Trapa natans is native to warm temperate regions of Europe, Asia and parts of Africa. It was first introduced to North America in the mid-1800's. The plant was figured to have escaped local cultivation and was found growing in the Charles River in 1879. Later, in the 1880's, it was intentionally introduced to New York lakes for waterfowl food. The water chestnut quickly became widespread, and in New York state has been prohibited against sale, importation, purchase, transportation or introduction.

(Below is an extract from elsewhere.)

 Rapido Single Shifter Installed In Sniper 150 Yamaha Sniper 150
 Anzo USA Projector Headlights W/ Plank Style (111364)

The water chestnut is an annual aquatic plant that has a submerged flexous stem that anchors itself into mud and extends itself upwards towards the water surface. It has a rosette of floating, fan-shaped leaves. Each of the leaves have an inflated petiole and dentate leaf margins. From the center of the rosette forms solitary, small, white flowers that have four petals. These flowers are in bloom usually from July until the plants are killed by frost. Four, orthogonal, sharp spines develop from hardened sepals can be seen on their large fruits.

Trapa natans is established throughout many New England states and is widespread in the Lower Hudson region. This plant is most prominent in shallow waters, although it can be found in waters up to 12 ft. in depth. The water chestnut can also be found in freshwater regions of estuaries and mudflats. They thrive in nutrient-rich lakes as well as slow-moving streams and rivers. While they can survive in a range of water conditions, they thrive best in water with a pH of 6.7-8.2 and is slightly alkaline.